Символы и метаморфозы. Либидо - Карл Юнг
Шрифт:
Интервал:
Закладка:
После этого он присваивает себе волшебный панцирь — Вампум, делающий человека неуязвимым (средство бессмертия), а мертвого оставляет у воды; это характерно, потому что волшебник тожественен со страшной матерью: "Он оставил тело на берегу, наполовину на земле и наполовину в воде; ноги его были зарыты в песок, а лицо находилось в воде".
Таким образом это положение одинаково с положением царя рыб, ибо чудовище олицетворяет воду смерти, которая, со своей стороны, является символом поглощающей матери. После этого величайшего подвига Гайаваты, превозмогшего, под личиной матери, смертоносного демона, следует его свадьба с Миннехахой[567].
Из дальнейшего содержания поэмы надо упомянуть о небольшой басне, вставленной поэтом в XII песню: старец превращается в юношу, проползая через пустую внутренность дуба.
XVI песня рассказывает о том, как Гайавата изобрел письмо. Ограничусь передачей описания двух гиероглифических знаков: "Гитче Манито — могучий, властитель жизни, был изображен в виде яйца, с остриями, обращенными к четырем небесным ветрам. Этот символ означал, что Великий Дух находится повсюду".
Мир заключен в яйце, охватывающем его со всех сторон; оно же является матерью, рождающей мир — это символ, которым пользовались и Веды, и Платон. Эта мать вездесуща, как воздух, который также всюду проникает. Воздух же есть дух — духом же оказывается и мать мира: "Митче Манито — могучий, страшный дух зла, был изображен в виде змеи, в виде великого змея Кенабика."
Дух же зла есть страх, запретное желание, сопротивник, заслоняющий дорогу к жизни борющейся за вечное существование, противящийся каждому великому делу; вводящий в наше тело яд слабости и старости коварным укусом змеи; он есть все то, что стремится вернуться вспять, а так как мать является для нас первоначальным миром, прообразом мира, то всякое обратное стремление направлено к матери и поэтому символизовано кровосмешением.
В обеих этих картинах поэт мифическими символами изображает libido, исходящую из матери и обратно к ней стремящуюся.
В XV песне описывается, как лучший друг Гайаваты, Кибиабос, певец и музыкант, пользующийся всеобщей любовью и являющийся воплощением радости жизни, заманенный злыми духами, проваливается под лед и тонет.
Гайавата оплакивает его до тех пор, покуда ему не удается вновь вернуть его к жизни с помощью волшебников.
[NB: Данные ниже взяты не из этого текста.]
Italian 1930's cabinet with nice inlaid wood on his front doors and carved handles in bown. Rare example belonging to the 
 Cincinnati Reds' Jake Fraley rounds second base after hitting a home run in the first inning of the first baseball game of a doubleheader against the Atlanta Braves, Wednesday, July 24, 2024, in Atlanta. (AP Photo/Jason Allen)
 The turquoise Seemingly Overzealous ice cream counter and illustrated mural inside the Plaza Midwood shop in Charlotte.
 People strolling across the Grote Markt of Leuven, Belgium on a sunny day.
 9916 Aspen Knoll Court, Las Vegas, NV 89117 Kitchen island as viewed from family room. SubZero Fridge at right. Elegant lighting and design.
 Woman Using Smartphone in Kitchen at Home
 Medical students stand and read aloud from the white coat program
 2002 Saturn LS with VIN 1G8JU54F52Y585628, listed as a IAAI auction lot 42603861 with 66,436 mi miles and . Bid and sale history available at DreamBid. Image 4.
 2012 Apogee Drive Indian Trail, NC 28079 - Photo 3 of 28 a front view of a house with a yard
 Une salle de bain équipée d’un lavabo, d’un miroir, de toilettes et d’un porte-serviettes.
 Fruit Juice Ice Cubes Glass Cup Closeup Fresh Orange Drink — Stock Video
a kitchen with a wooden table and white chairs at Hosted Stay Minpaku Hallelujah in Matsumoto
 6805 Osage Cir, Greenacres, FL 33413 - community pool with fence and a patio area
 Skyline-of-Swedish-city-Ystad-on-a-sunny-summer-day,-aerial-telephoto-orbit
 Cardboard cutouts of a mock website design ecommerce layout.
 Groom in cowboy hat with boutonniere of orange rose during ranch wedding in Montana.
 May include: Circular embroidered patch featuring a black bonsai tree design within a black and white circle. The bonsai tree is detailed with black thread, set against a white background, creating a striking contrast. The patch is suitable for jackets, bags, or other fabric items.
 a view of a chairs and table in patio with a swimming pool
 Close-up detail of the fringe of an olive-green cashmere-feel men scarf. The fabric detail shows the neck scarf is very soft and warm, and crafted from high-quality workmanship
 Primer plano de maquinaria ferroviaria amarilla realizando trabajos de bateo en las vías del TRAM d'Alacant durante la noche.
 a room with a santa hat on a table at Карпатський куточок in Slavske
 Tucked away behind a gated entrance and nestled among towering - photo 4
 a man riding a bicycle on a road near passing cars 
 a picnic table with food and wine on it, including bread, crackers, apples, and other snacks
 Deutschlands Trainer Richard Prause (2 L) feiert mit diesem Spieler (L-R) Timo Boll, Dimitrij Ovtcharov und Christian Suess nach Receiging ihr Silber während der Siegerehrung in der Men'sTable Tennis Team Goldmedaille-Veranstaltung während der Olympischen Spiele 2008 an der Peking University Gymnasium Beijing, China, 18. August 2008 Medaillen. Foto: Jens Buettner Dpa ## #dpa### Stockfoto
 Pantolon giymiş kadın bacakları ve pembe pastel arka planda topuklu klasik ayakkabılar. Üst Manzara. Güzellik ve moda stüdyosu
Но оживает лишь его дух; он становится царем царства духов. (Озирис, господствующий над подземным миром, Диоскуры). После этого вновь происходят бои, после которых следует потеря второго друга, Квазинда, воплощения телесной силы.
XX песнь изображает голод и смерть Миннехахи, возвещенную двумя молчаливыми гостями из царства смерти, а в ХХII-ой песне сам Гайавата готовится к последнему пути в страну запада:
"Я ухожу, о Нокомис, в долгий и далекий путь, к дверям заката, в страну родного ветра, северо-западного ветра, Кивайдин.
И протянулся длинный сияющий путь, и вниз по этому следу, точно по течению реки, на запад, на запад устремился Гайавата, устремился к огненному закату, устремился к пурпурным облакам, устремился к вечерним сумеркам.
Так ушел Гайавата, возлюбленный Гайавата, исчез в сиянии заката, в вечернем пурпурном тумане, ушел в страну родного ветра, северо-западного ветра Кивадин, ушел на острова блаженных, в царство Понема, в страну будущего."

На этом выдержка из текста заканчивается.